3.あのときの電話が引き寄せてくれた「ご縁」
先生の一言で、私にとって、あの電話は、とても重要な意味を持つものだったんだと気づきました。
あの電話をかけたときに、そっけない対応をされていたら。
勇気をくじかれるような、対応をされていたら。
その教室へ通うことはもちろん、他の習い事や幼稚園に電話をかけることも怖くなったでしょう。
友人を作ることもなく、不安な気持ちを抱えたまま、遅いパパの帰りを待って、家で子どもと二人でひっそり過ごしていたかもしれません。
勇気を出して書けたあのときの電話が、その後の私と子どもの人生を勇気づけてくれました。
今回、「ご縁ですね」と言ってくれた方との出会いで、そのことを思い出したのです。
とてもとても、大切なことを、思い出しました。
人と人との出会いがあってこそ生きていける。
でも、それは自分でコントロールできるものではない。
いつどこで、誰と出会うかわからないから、だからこそ、人との出会いは、素晴らしい。
「ご縁」って、いい言葉だなぁと、しみじみと感じてしまいました。
そして、今回「ご縁ですね」という言葉をいただいたことで、これからもまだまだ新しい「ご縁」があるのだ…という、当たり前だけど忘れていた希望のようなものが、感じられたのでした。
4.ついでに、思うこと。
そんな素敵な場所が出来たこと、そんな素敵な出会いがあったことは、その幼児教室の先生のお人柄が大きかったことは、間違いないと思います。
「『子育て支援』は、子どもだけでなく、その母親も受け入れ支えること」なのだと、心から思います。

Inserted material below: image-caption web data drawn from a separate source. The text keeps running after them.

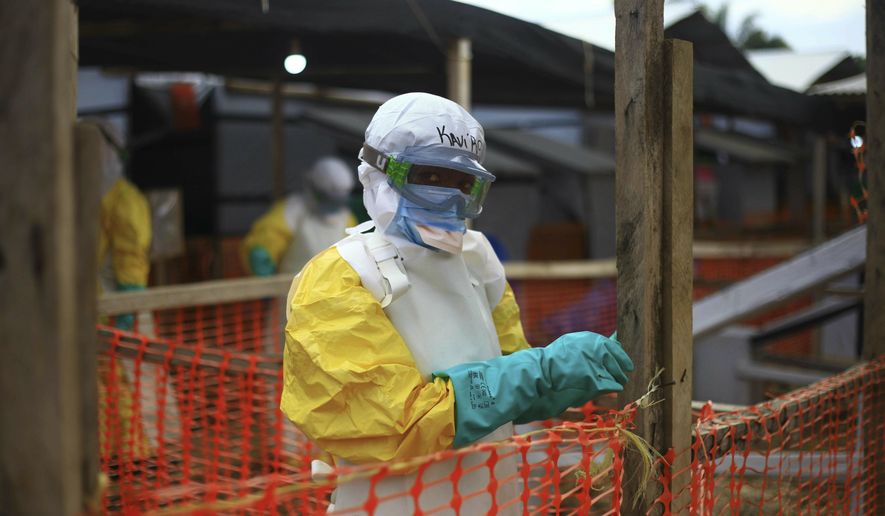 An Ebola health worker is seen at a treatment center in Beni, Eastern Congo, Tuesday April, 16, 2019. Congo&#x27;s president on Tuesday said he wants to see a deadly Ebola virus outbreak contained in less than three months even as some health experts say it could take twice as long. (AP Photo/Al-hadji Kudra Maliro)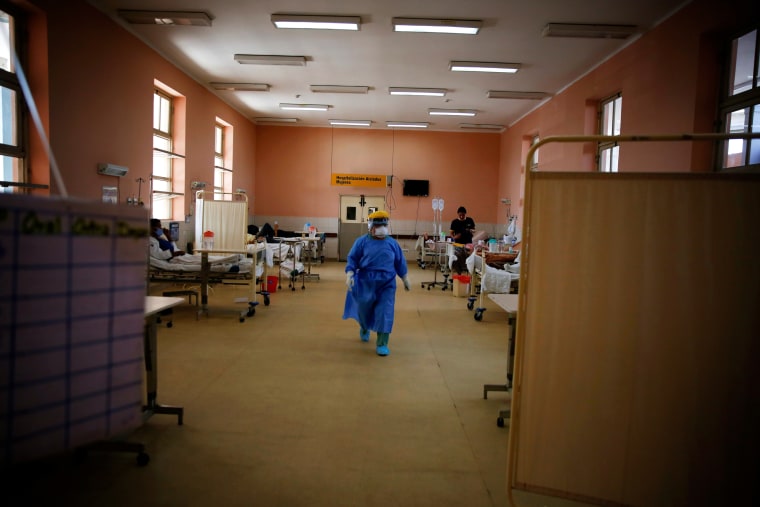 Image: A nurse walks through a ward of coronavirus patients at Dos de Mayo hospital in Lima, Peru, on April 16, 2020.
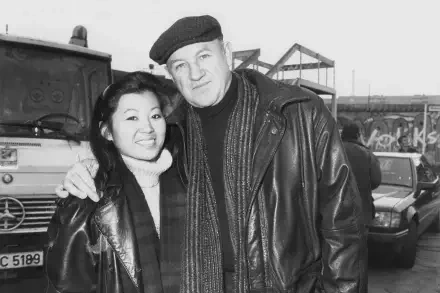Black and white image of Gene Hackman posing with a woman, both smiling. They stand in front of a vehicle, conveying a warm and friendly atmosphere. HD desktop wallpaper.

私が、子育て支援に関わりたいなと思うのは、そんな経験も、理由の大きな一つです。
※夏乃まつりさんのイラストを使わせていただきました。
「あなたが動くとき、出会いがやってくるよ」と添えられた言葉が、私の気持ちにぴったりで使わせていただきました。
とても心が温まるイラストです。
優しい誰かが、困っている誰かに、そっと傘を差してあげられますように。